Rural America needs the perseverance and sheer commitment to rural prosperity that we see in leaders like Larry and Keith in order to bridge this connectivity gap which is a critical tool in battling the opioid epidemic in rural places. From the islands of Maine to the hills of eastern Kentucky, broadband is truly a foundation for healthy communities, from quality of life to a healthy workforce, innovation and economic development. This is why President Trump and Congress are out in front, providing new investment options for much-needed rural infrastructure, especially broadband expansion.

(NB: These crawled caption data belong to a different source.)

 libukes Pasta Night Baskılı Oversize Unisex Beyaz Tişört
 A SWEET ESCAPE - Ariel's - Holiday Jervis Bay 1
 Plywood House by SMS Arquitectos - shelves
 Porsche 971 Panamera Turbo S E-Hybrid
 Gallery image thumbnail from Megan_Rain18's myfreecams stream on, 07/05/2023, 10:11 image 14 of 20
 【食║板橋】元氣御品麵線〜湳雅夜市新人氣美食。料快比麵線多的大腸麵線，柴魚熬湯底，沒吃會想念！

Our leader Secretary of Agriculture Sonny Perdue has made rural broadband expansion a key priority as we deploy $600 million of additional funds to buildout broadband infrastructure in unserved rural communities. As we design the rules and requirements of this exciting pilot program, we hope you will help us make this pilot the most effective program possible. On July 27, we opened a public comment period to gather input from real world experts like each of you about how to maximize this opportunity:

With solid infrastructure enabling modern e-connectivity, rural leaders can connect to new opportunity which then brings hope and resilience for the future against the scourge of drug addiction. In that, I find great promise and look forward to building on the shared passion and long history of partnership between USDA and NTCA members. Together, we can create a strong and healthy rural America now and for generations to come.